En
1961, le Président des États-Unis John Kennedy donne son accord à
un scientifique prometteur, le Dr. Reed Richards, pour concevoir un
vaisseau spatial de pointe capable d'envoyer l'Homme dans les
étoiles, afin de faire avancer la science certes mais surtout pour
devancer les Soviétiques dans la course à l'espace qui fait rage.
En effet, les USA sont à la traîne et les récentes missions se
sont toutes soldées par des échecs cuisants. Mais cette fois-ci, ce
sera différent : Richards a semble-t-il mis au point un tout
nouveau type de carburant, révolutionnaire, qui rendra tout
possible... s'il est testé.
Hors,
le test ne pourra pas avoir lieu avant plusieurs décennies au moins,
selon les moyens de l'époque. C'est un véritable aveu d'échec
supplémentaire, et un camouflet pour Reed qui voit ainsi sa place au
panthéon des plus grands savants lui échapper. Mais il reste un
espoir : tester lui-même le carburant lors d'un vol en
conditions réelles. Mais pour cela il lui faut réunir une équipe
fiable et soudée : Sue Storm, sa compagne, et son petit-frère
Johnny l'accompagneront, ainsi qu'un pilote de renom chassé de
l'armée, Ben Grimm.
Si
le décollage se passe bien, même mieux que bien, et que les
résultats dépassent les espérances de Reed sur le moment, très
vite quelque chose dysfonctionne et provoque une embolie dans le
réacteur. En effet, Reed n'avait pas pris en compte les radiations
cosmiques et leur impact sur son carburant, et voilà tout le
vaisseau expérimental projeté dans un espace-temps inaccessible au
commun des mortels, avant de réussir par miracle à revenir
s'écraser sur Terre. A bord, les quatre membres de l'équipage
improvisé ont subi des changements drastiques et ont développé des
aptitudes hors du commun, du jamais vu pour leur époque.
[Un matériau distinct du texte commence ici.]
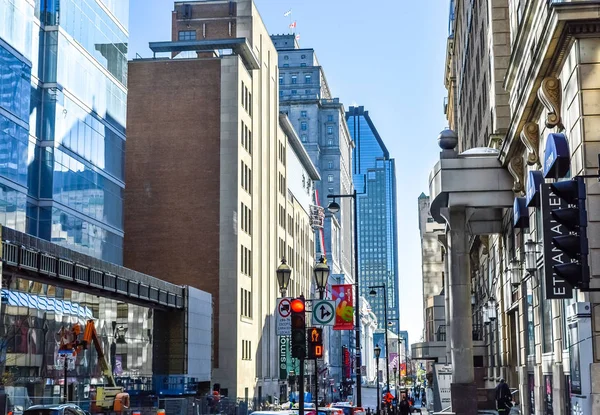 Montreal, Kanada - 10 Kasım 2017: Montreal Quebec bölgesinde şehir merkezine yürüyüş insanlar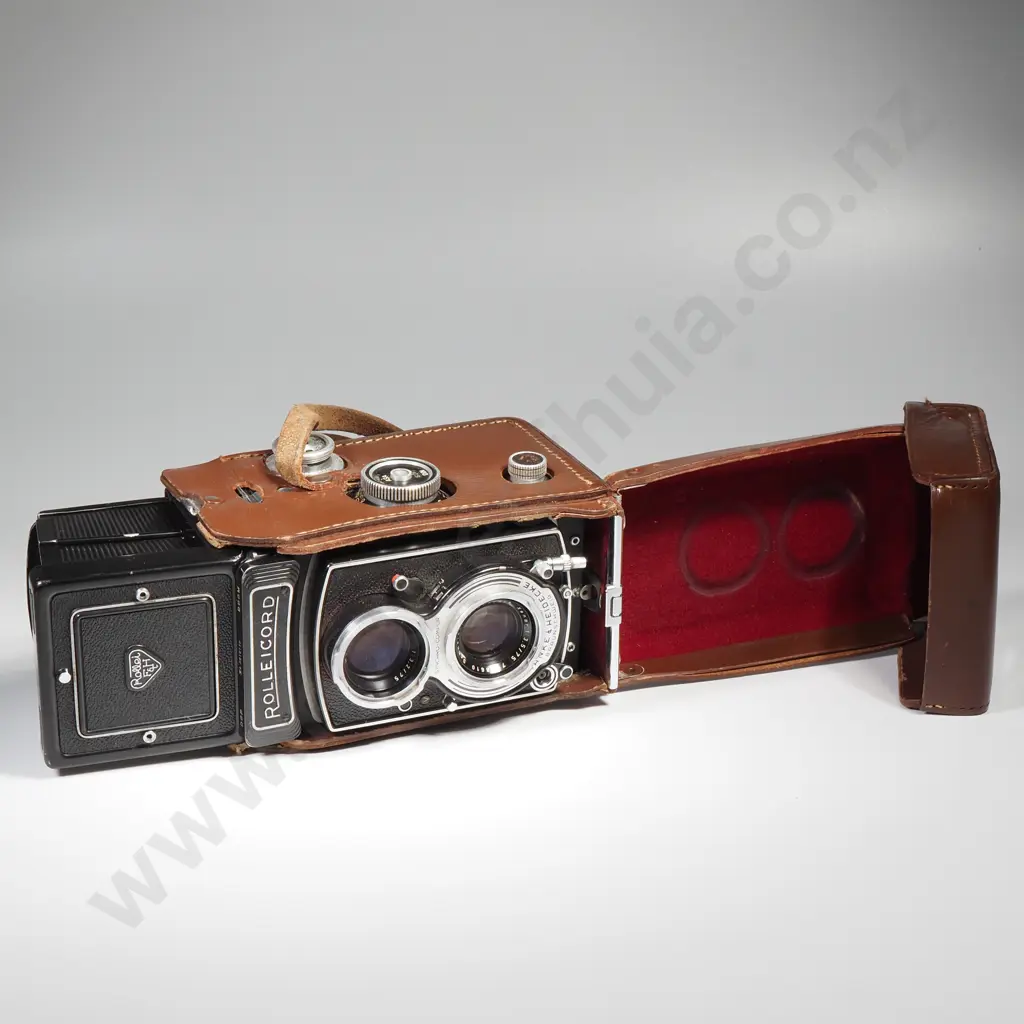 Vintage Rolleicord Twin-Lens Reflex (TLR) Medium Format Camera w Accessories Image 1++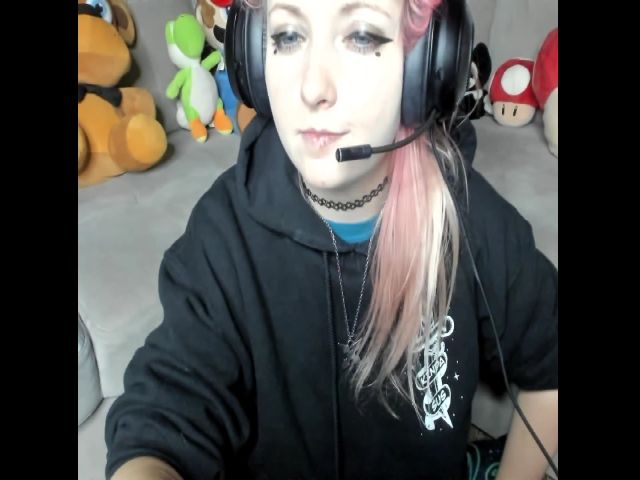 Live sex webcam photo for PrincessBluu #254933792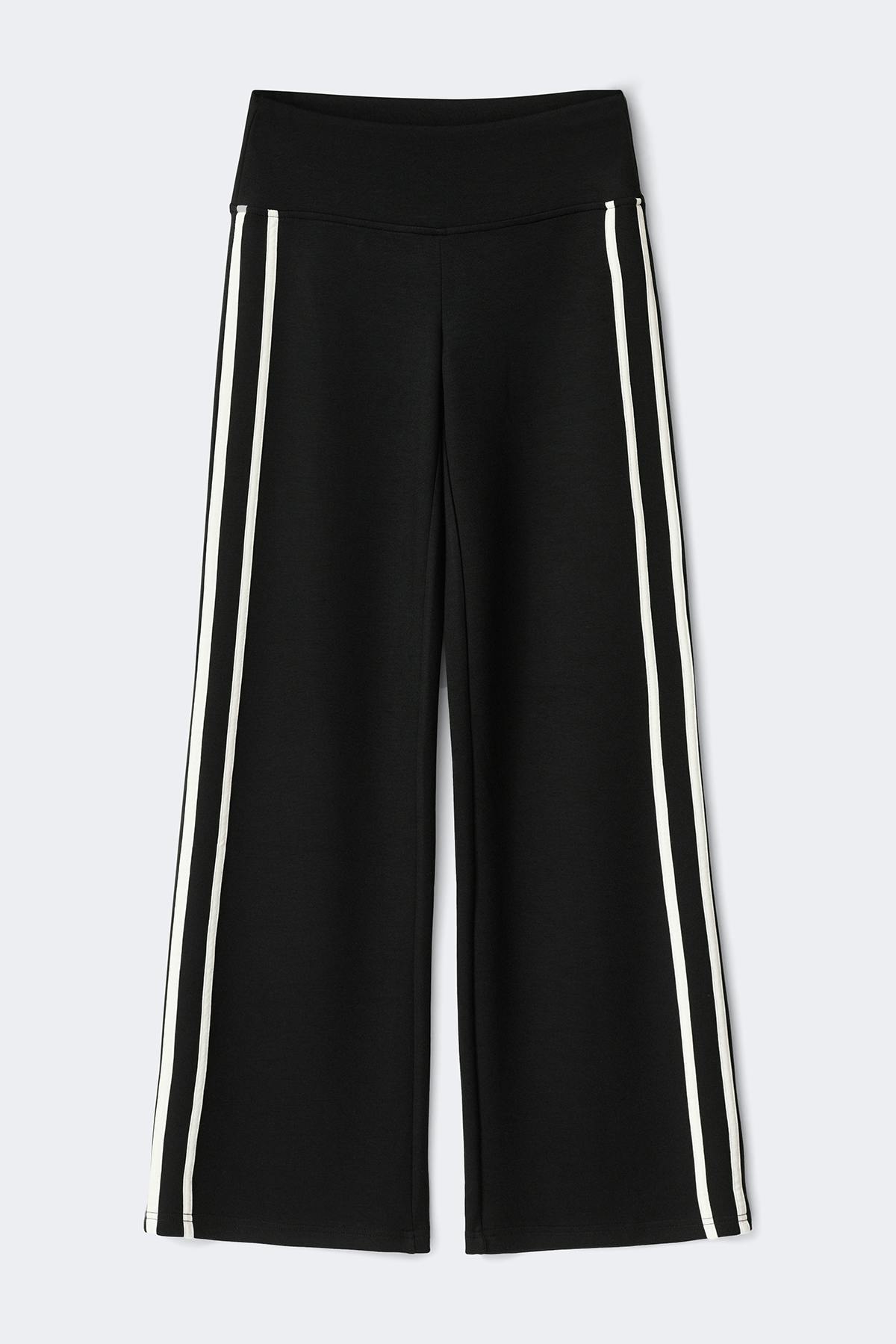 Soft sporty trousers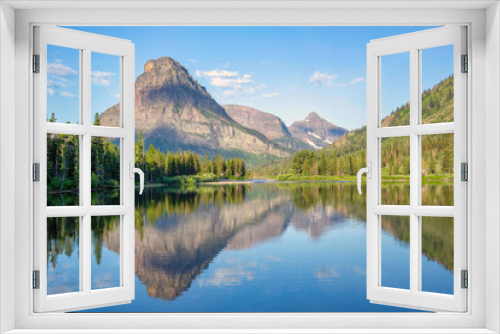 Fototapeta Naklejka Na Ścianę Okno 3D - Pray Lake in Glacier Nation al Park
Mais le
plus important reste la vision qu'a eu Reed dans l'espace lointain :
un être omnipotent dévoreur de mondes, Galactus, qui lui a retourné
son regard... et se dirige désormais vers la Terre, attiré par ce
premier lien établi.
Reed
passera les décennies suivantes à prévenir, mettre en garde et
préparer les gouvernements du monde contre la venue de ce Galactus
et la destruction totale de la planète qui en résulterait, mais
c'est pratiquement peine perdue, personne ne veut y croire et les
dirigeants sont trop occupés par la Guerre Froide qui stagne un peu
partout. Deux hommes acceptent toutefois d'accorder du crédit et du
temps à Richards et sa folie : Tony Stark, milliardaire
spécialiste de l'armement de pointe, et Victor Von Fatalis,
scientifique de génie qui croit dur comme fer au récit de Reed et
se fait un devoir de l'aider à développer une solution au plus
vite.
Ce
travail, cette obsession de chaque instant, coûtera à Reed son
mariage et sa crédibilité, lui prendra tout ce qu'il possède ou
tente de posséder, tandis que Fatalis de son côté s'en nourrit et
développe sa propre obsession en réponse à celle de son confrère :
unir le monde sous une seule et même bannière, par la force si
nécessaire, afin d'apporter une réponse commune à Galactus. Mais
la Terreur semble être le seul moyen d'y parvenir selon lui, un
point qui oppose les deux comparses brutalement quand Fatalis utilise
l'armure développée avec Reed pour attaquer le siège de l'ONU et
tenter d'asseoir sa domination sur l'ensemble de la planète. Avec
l'aide des plus grands héros de la Terre, et de la Femme trop
souvent restée Invisible dans l'ombre de son ex-mari, Fatalis est
rapidement défait et la crise est surmontée. Mais c'est une perte
de plus pour Reed, à la fois de temps et d'espoir.
Heureusement,
il reste l'appui inébranlable de Tony Stark. Grâce à ses fonds
généreux et à ses relations au sein du Gouvernement des
États-Unis, un programme spatial ambitieux est développé et mis en
chantier le plus rapidement possible, basé sur les théories et
découvertes récentes de Reed et l'apport de nouveaux systèmes
informatiques. Baptisé ''Star Wars'', ce programme va cependant une
nouvelle fois prendre tout espoir à ses concepteurs quand il tentera
de déclencher une frappe nucléaire globale entre les USA et l'URSS.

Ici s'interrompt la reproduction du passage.